Écrire est une job de jour
Angle mort

Écrire est une job de jour

D'emblée, je félicite Gil Courtemanche pour son geste. Fidèle à ses paroles, il a refusé d'être finaliste à des prix commandités par une filiale de Quebecor, et ce, afin de soutenir la cause des employés en lock-out d'une autre filiale de Quebecor. Bravo.

C'est tout ce que j'aurais eu à dire si l'auteur de Je ne veux pas mourir seul s'était contenté d'un simple coup d'éclat n'impliquant que lui-même. Or, il a décidé d'inviter les autres finalistes aux Grands Prix littéraires Archambault à imiter son doigt d'honneur envers l'empire Quebecor.

Il aura ainsi forcé ses collègues écrivains à prendre position sur un sujet qui ne les concerne pas. Ces derniers n'ont d'ailleurs pas apprécié, et Nathalie Petrowski s'est empressée de conclure que le donquichottisme au sein de la faune littéraire était en déroute.

Une semaine plus tard, l'auteur de La Canicule des pauvres, Jean-Simon Desrochers, après avoir déploré "les dommages collatéraux de la vertu" de Courtemanche, s'engageait (s'il gagnait) à verser sa bourse de 10 000 $ aux lock-outés du Journal de Montréal.

J'aimerais ne pas y voir de l'opportunisme; je n'y arrive pas. On l'invitera probablement à Christiane Charette, et peut-être à Tout le monde en parle (qui sait?). Son geste lui vaudra une deuxième tournée médiatique pour un roman paru il y a un an. Tant mieux pour lui.

D'autant plus que s'il advenait qu'il gagne, je n'imagine pas un puissant syndicat en lock-out accepter son don. Ce serait comme un fumeur qui accepterait du feu de la petite fille aux allumettes.

Mais revenons à Gil Courtemanche.

Dans le communiqué annonçant son refus d'être associé aux prix Archambault, il nous faisait grâce d'une de ces vertueuses phrases dont les écrivains ont le secret. Une phrase à ajouter immédiatement au répertoire déjà vaste des citations sur la noblesse de l'écriture.

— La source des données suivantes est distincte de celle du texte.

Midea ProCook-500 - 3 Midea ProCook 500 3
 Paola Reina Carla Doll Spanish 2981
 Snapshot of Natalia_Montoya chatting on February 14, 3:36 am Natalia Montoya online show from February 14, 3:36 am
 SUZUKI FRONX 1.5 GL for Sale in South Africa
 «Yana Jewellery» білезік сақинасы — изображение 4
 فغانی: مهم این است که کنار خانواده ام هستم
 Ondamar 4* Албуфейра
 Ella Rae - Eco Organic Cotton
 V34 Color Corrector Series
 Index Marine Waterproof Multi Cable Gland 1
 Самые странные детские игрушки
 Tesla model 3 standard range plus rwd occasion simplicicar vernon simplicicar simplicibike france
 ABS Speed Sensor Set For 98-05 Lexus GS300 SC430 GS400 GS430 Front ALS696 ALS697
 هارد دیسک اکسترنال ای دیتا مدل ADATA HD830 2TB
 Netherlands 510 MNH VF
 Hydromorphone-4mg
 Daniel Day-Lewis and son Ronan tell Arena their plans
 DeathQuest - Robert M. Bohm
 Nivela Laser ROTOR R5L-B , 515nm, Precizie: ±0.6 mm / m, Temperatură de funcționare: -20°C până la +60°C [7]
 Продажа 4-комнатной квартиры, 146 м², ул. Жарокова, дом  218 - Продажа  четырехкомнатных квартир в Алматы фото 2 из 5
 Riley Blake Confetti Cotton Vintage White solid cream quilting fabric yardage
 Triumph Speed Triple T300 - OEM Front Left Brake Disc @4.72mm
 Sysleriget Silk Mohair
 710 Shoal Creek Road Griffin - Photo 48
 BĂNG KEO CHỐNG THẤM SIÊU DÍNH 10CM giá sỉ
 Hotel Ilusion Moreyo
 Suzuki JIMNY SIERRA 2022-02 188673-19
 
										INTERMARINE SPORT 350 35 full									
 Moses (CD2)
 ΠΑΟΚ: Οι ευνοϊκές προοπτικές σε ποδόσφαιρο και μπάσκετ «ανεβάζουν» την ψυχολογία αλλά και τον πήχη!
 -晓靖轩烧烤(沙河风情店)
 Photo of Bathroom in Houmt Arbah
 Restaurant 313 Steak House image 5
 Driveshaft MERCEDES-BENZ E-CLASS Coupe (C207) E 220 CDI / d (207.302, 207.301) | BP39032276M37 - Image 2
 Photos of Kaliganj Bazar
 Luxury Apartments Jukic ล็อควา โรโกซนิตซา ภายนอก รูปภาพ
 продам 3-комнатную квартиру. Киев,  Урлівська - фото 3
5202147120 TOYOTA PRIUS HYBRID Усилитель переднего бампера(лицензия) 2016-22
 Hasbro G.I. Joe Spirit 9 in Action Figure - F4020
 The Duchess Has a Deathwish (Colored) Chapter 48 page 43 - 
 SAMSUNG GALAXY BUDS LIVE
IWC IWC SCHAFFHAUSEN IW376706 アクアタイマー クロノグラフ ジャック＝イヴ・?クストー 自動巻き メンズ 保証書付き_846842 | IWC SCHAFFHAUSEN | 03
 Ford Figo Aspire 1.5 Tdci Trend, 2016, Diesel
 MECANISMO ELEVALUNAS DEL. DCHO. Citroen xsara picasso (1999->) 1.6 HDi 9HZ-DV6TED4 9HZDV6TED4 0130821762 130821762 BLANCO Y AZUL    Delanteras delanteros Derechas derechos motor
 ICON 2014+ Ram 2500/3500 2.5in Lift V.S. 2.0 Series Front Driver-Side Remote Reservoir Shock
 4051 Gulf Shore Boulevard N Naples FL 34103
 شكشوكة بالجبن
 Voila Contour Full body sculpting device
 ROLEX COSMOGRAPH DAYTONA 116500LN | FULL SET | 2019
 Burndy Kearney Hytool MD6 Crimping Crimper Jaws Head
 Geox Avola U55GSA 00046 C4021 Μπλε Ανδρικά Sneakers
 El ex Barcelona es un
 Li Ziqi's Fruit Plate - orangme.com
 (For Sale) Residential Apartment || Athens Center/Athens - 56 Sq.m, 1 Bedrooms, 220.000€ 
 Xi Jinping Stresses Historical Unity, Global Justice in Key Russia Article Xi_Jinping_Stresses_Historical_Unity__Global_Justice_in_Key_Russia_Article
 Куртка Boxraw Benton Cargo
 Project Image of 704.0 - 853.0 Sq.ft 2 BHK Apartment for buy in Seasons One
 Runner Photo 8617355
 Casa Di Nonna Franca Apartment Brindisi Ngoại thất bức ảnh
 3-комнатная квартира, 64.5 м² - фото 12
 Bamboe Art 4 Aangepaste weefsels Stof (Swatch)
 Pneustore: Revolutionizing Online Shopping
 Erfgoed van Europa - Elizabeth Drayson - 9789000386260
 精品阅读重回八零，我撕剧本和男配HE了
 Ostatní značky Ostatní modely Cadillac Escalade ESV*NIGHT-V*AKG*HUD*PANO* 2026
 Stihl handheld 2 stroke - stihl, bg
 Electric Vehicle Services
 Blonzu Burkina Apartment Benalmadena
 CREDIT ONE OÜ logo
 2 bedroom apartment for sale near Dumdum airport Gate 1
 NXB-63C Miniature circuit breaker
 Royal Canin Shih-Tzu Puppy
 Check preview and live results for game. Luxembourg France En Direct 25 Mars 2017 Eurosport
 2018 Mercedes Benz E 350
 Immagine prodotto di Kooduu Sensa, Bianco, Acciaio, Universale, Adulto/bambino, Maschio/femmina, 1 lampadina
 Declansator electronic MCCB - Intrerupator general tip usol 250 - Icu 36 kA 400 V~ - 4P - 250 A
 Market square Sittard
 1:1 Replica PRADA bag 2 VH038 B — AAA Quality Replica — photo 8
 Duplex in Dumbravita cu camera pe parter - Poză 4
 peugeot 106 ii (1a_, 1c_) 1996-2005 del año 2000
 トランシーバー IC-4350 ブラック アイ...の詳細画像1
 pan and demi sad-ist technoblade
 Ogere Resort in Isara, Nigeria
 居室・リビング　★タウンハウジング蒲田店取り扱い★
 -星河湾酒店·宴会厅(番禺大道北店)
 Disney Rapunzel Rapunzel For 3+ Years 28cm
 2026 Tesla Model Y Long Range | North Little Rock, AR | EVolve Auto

Oui, car les auteurs aiment mettre l'écriture sur un piédestal. L'écriture est à l'origine de l'Histoire, de la justice, de la solidarité. L'écriture est sacrée. Écrire. "C'est hurler sans bruit", disait Marguerite Duras. "Écrire, ce n'est pas vivre. C'est peut-être survivre", pensait de son côté Cendrars. À la question "Pourquoi écrivez-vous?", le poète répond "Pour mieux vivre". "Il faut vivre pour écrire et non pas écrire pour vivre", soutenait d'ailleurs Jules Renard.

Or, pour Gil Courtemanche, "écrire est essentiellement un geste de liberté". "Je ne peux accepter que mon nom ou un de mes livres soient associés à des gens qui foulent cette liberté au pied", écrivait-il pour justifier son auto-flushage des prix Archambault.

C'est beau, n'est-ce pas?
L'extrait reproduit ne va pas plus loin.